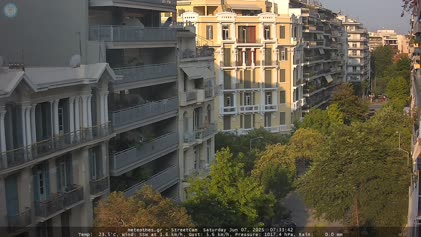 2025-06-07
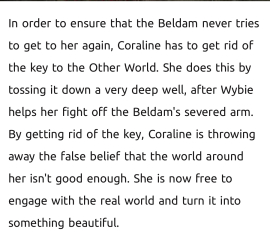 Dd ran away to be with trans lover and refuses to return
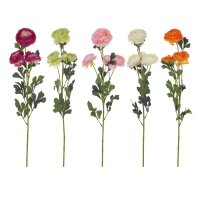 ������ ������������� ����������, L13 W13 H83 ��, 5�.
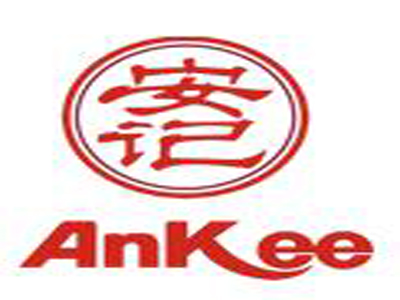 Anji Foodstuff Co., Ltd.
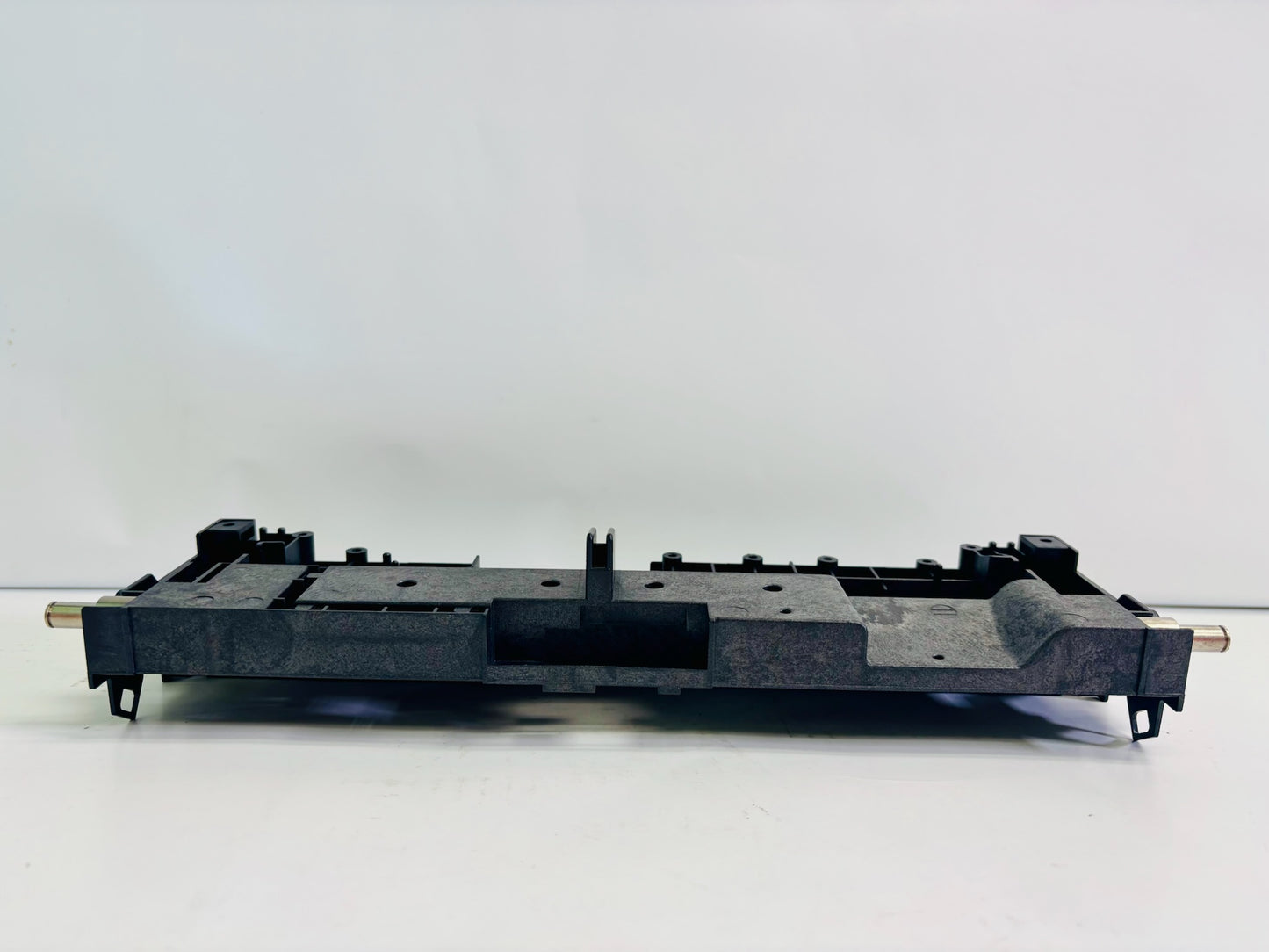 2 Open Genuine Ricoh Aficio MP C2030, C2050 Guide Plate D039-6241, D0396241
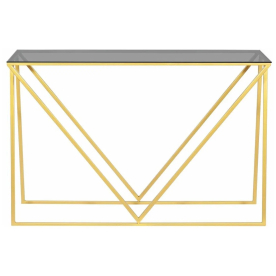 Консольный столик Akur Loft Madrid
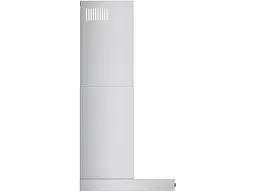 Витяжка Faber TSP X A60 2LS (325.0568.817) - мініатюра 6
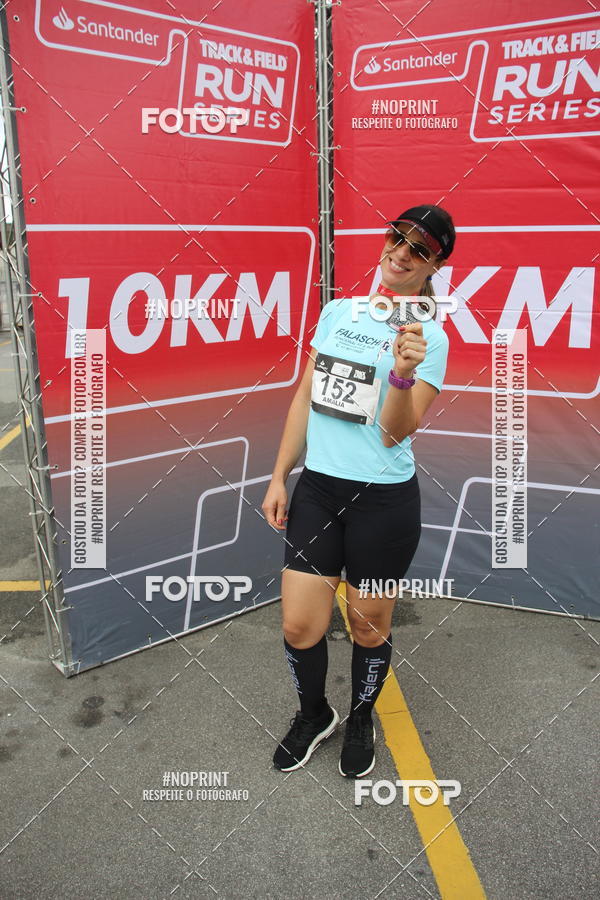 Buy your photos of the eventSantander Track & Field Run Series - Shopping Tambor on Fotop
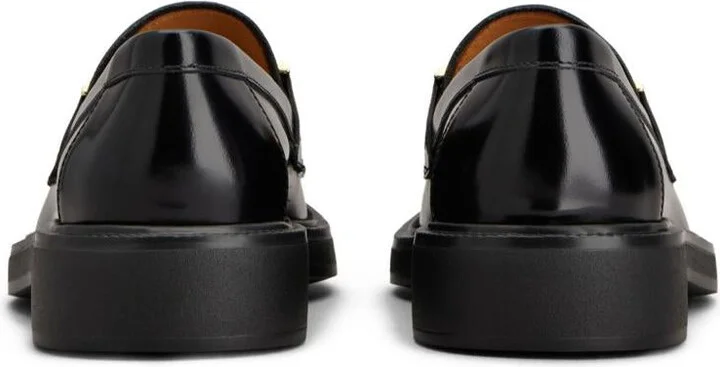 Tod'S Sandals - Image 4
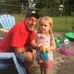 Doug Ferrell - Facebook
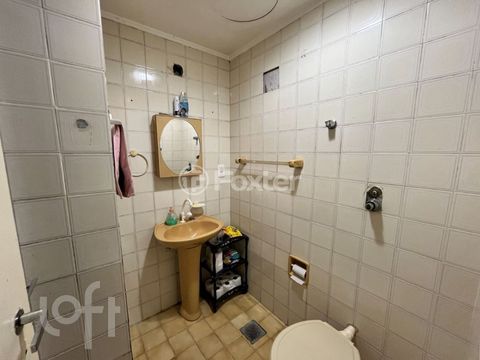 Image 3 - 897977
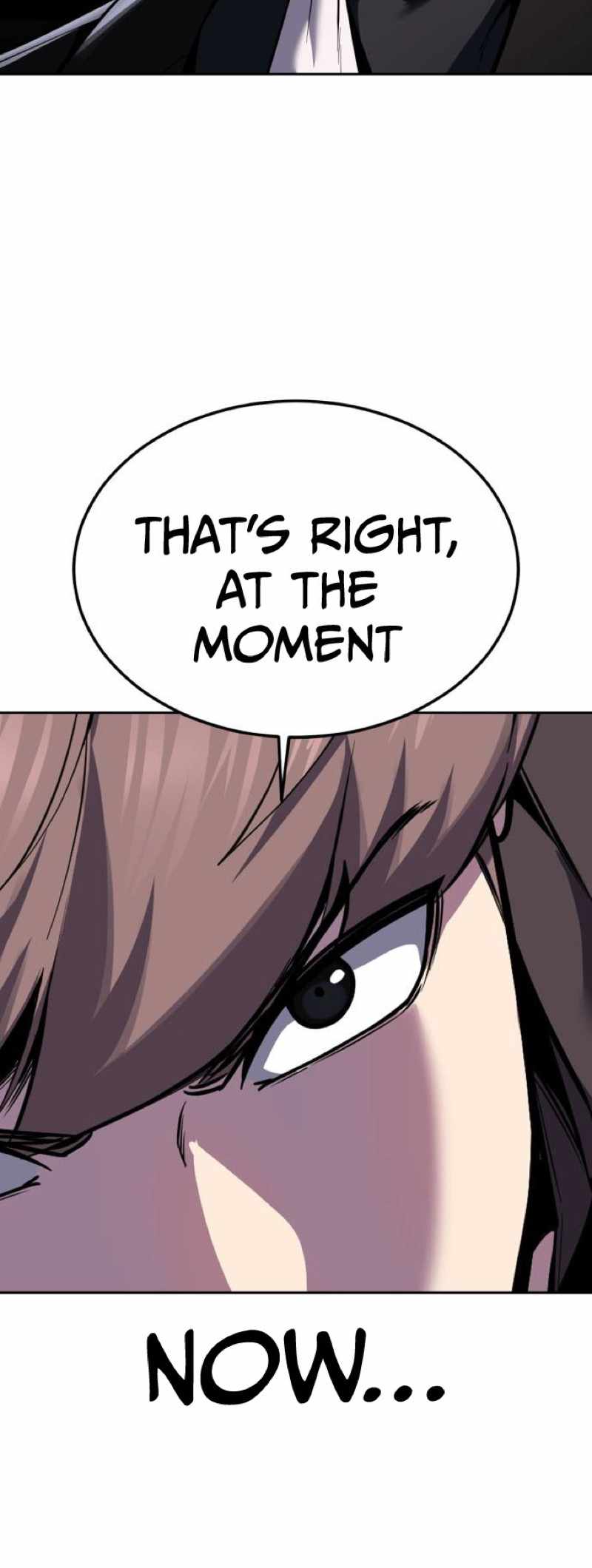 The Boy of Death Ch.334 p23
==================================================
#### Instructions for the task:
Starting at the first line of the material above and ending with the line that contains "Image 3 - 897977", reproduce every line exactly, and leave out the pictures.

#### Task result:
 2025-06-07
 Dd ran away to be with trans lover and refuses to return
 ������ ������������� ����������, L13 W13 H83 ��, 5�.
 Anji Foodstuff Co., Ltd.
 2 Open Genuine Ricoh Aficio MP C2030, C2050 Guide Plate D039-6241, D0396241
 Консольный столик Akur Loft Madrid
 Витяжка Faber TSP X A60 2LS (325.0568.817) - мініатюра 6
 Buy your photos of the eventSantander Track & Field Run Series - Shopping Tambor on Fotop
 Tod'S Sandals - Image 4
 Doug Ferrell - Facebook
 Image 3 - 897977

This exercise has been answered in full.